** DATA SECTION follows **

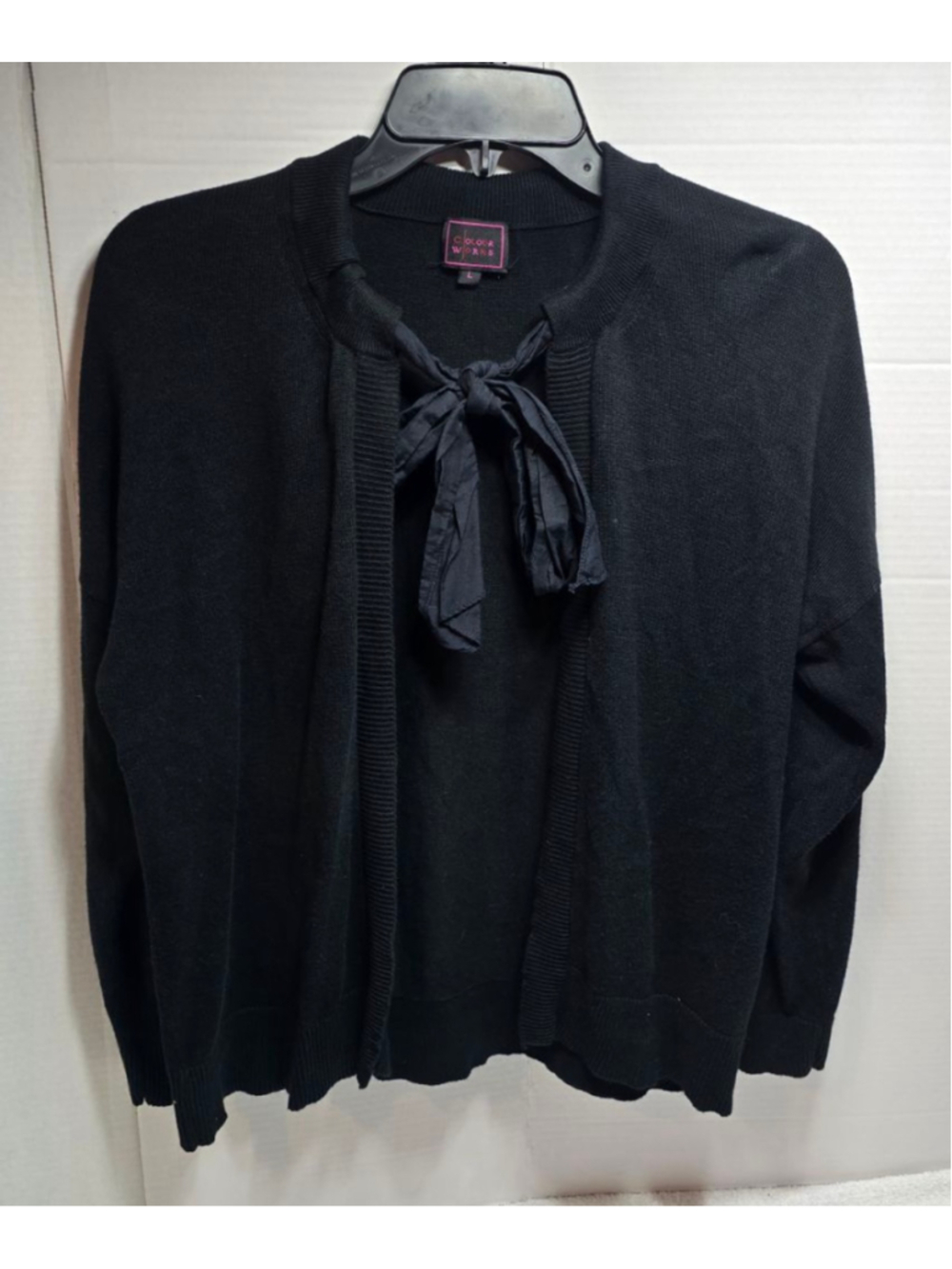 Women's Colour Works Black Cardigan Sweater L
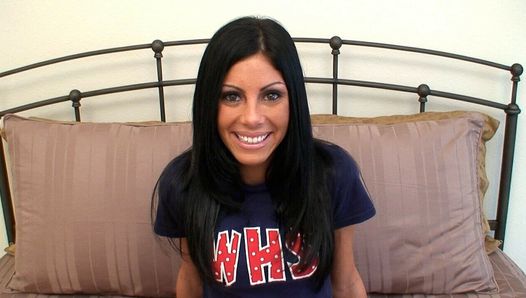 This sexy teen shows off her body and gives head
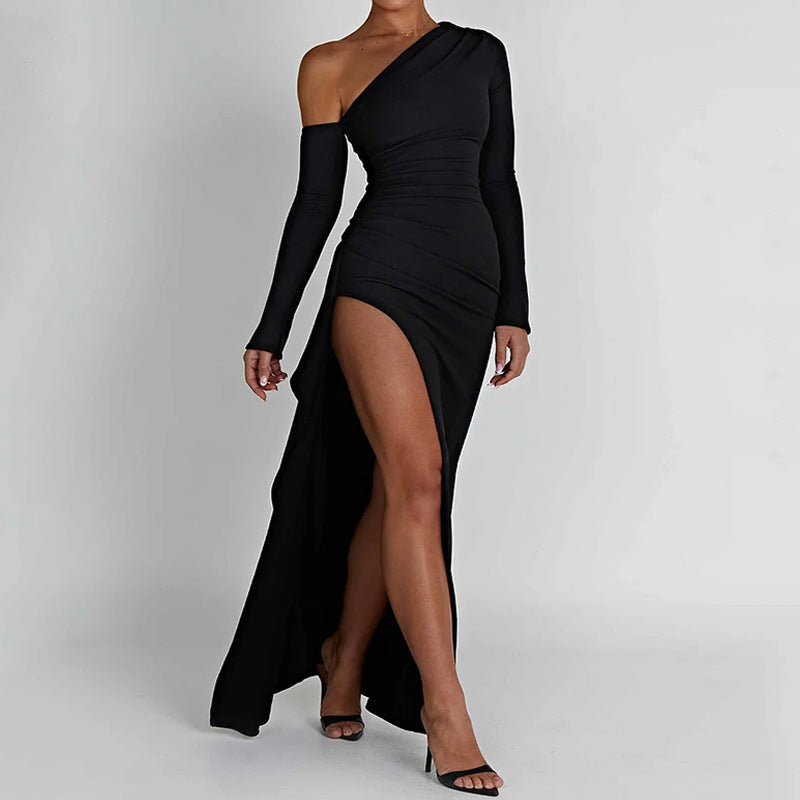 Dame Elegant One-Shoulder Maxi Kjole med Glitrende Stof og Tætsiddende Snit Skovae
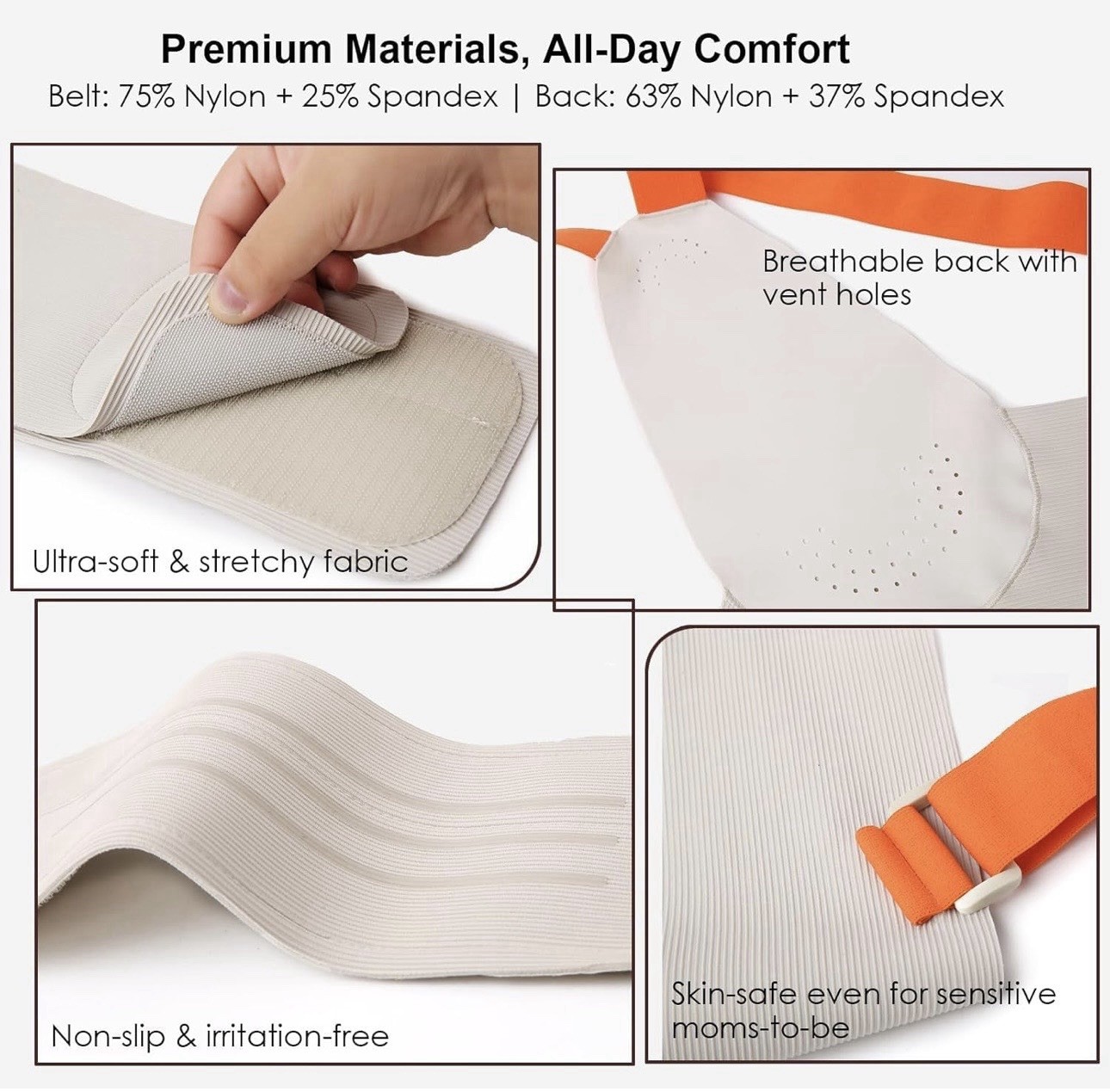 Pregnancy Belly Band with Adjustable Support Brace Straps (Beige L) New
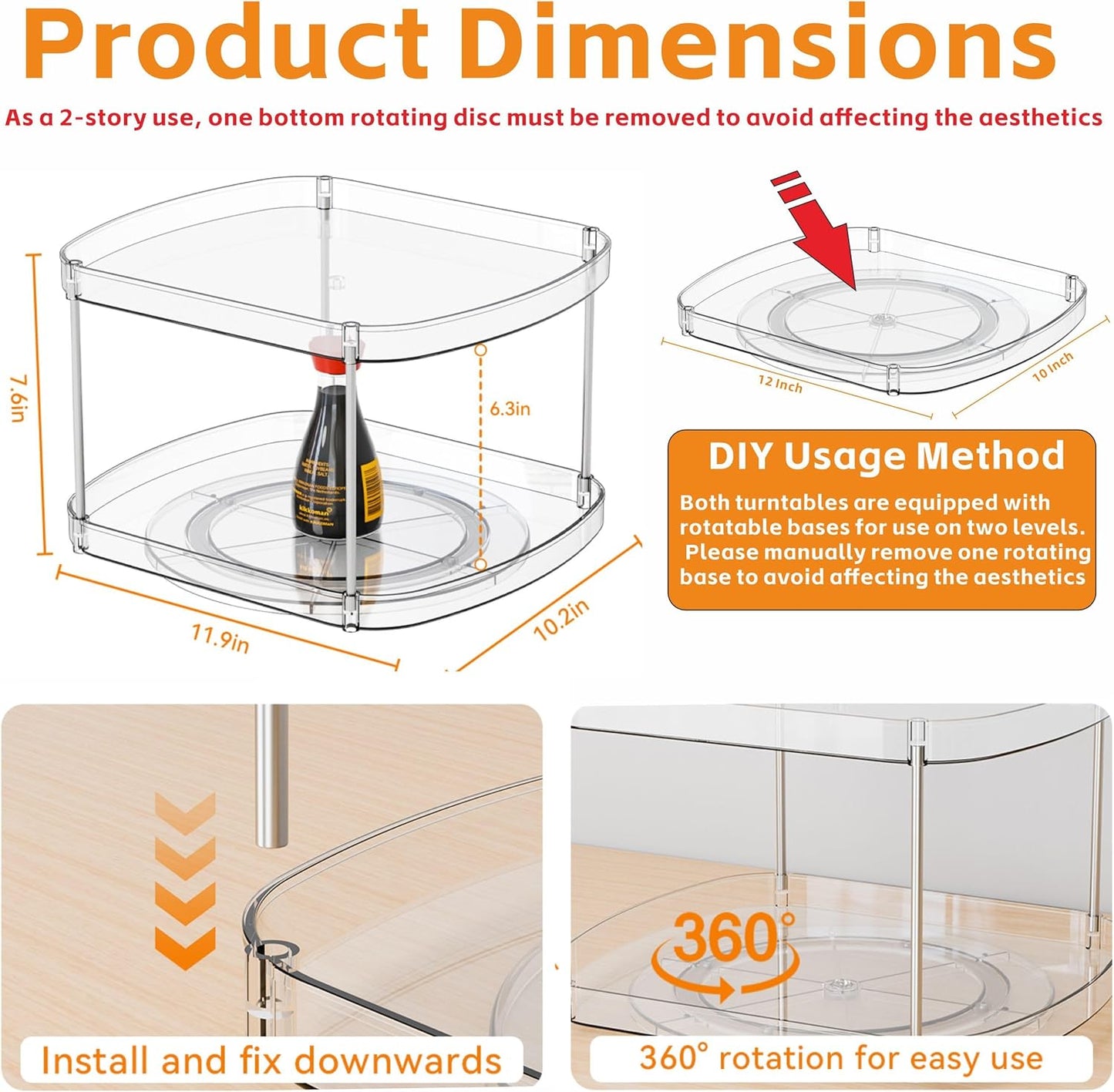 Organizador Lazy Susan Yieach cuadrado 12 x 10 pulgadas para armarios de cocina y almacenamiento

** End of DATA SECTION **

**YOUR OBJECTIVE:**
Print the complete listing exactly, apart from any pictures.

**FINISHED EXERCISE:**
 Women's Colour Works Black Cardigan Sweater L
 This sexy teen shows off her body and gives head
 Dame Elegant One-Shoulder Maxi Kjole med Glitrende Stof og Tætsiddende Snit Skovae
 Pregnancy Belly Band with Adjustable Support Brace Straps (Beige L) New
 Organizador Lazy Susan Yieach cuadrado 12 x 10 pulgadas para armarios de cocina y almacenamiento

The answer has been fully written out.